* _Given information_
>>>

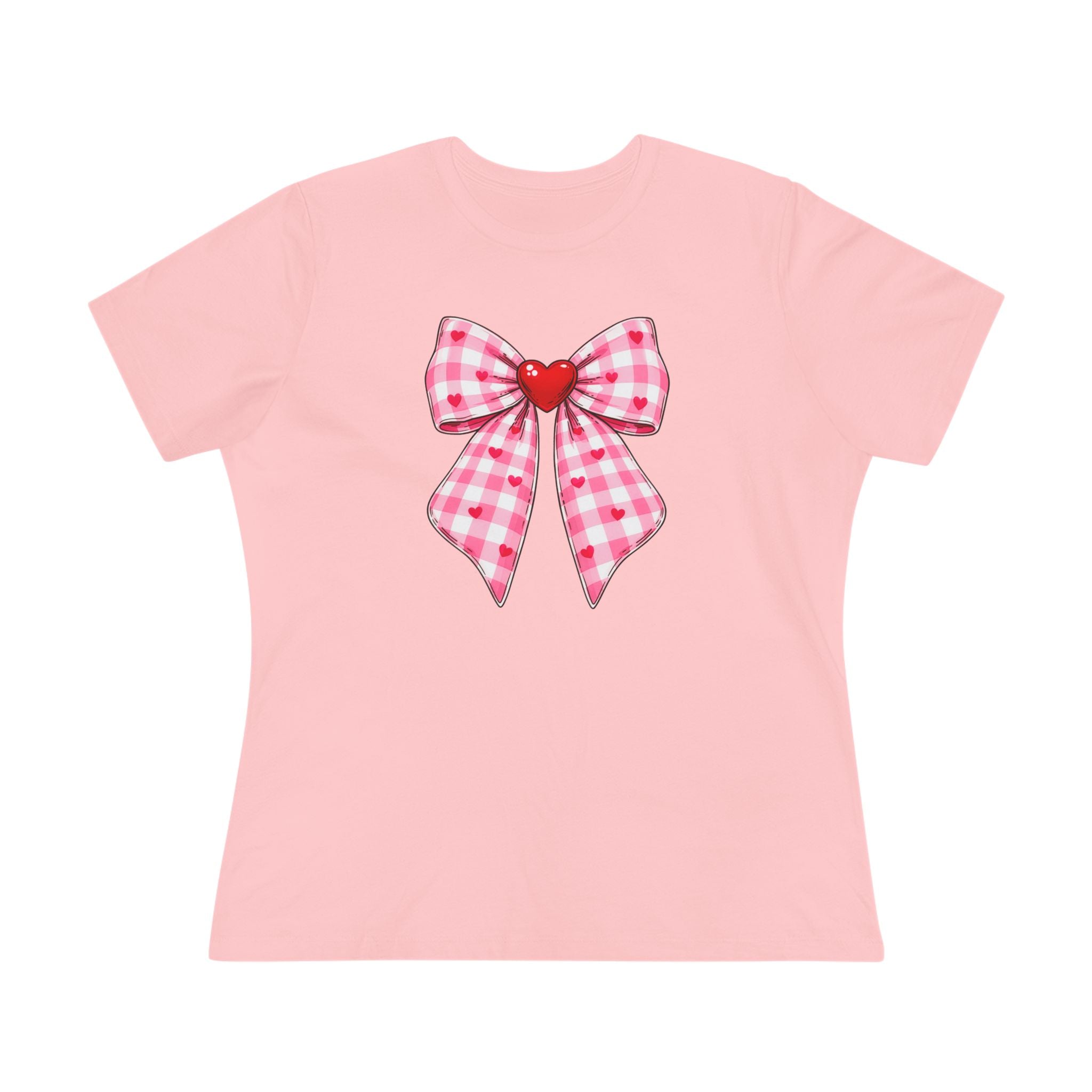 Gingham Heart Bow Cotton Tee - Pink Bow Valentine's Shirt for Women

<<<
>>>

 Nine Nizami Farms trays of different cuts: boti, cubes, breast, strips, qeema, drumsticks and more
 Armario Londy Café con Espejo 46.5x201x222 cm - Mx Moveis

<<<

* _Problem to solve_
Look above for the line with "Nine Nizami Farms" and the line with "Armario Londy Café", and reproduce exactly those two lines plus every line between, nothing more.

* _Answer to this task_
 Nine Nizami Farms trays of different cuts: boti, cubes, breast, strips, qeema, drumsticks and more
 Armario Londy Café con Espejo 46.5x201x222 cm - Mx Moveis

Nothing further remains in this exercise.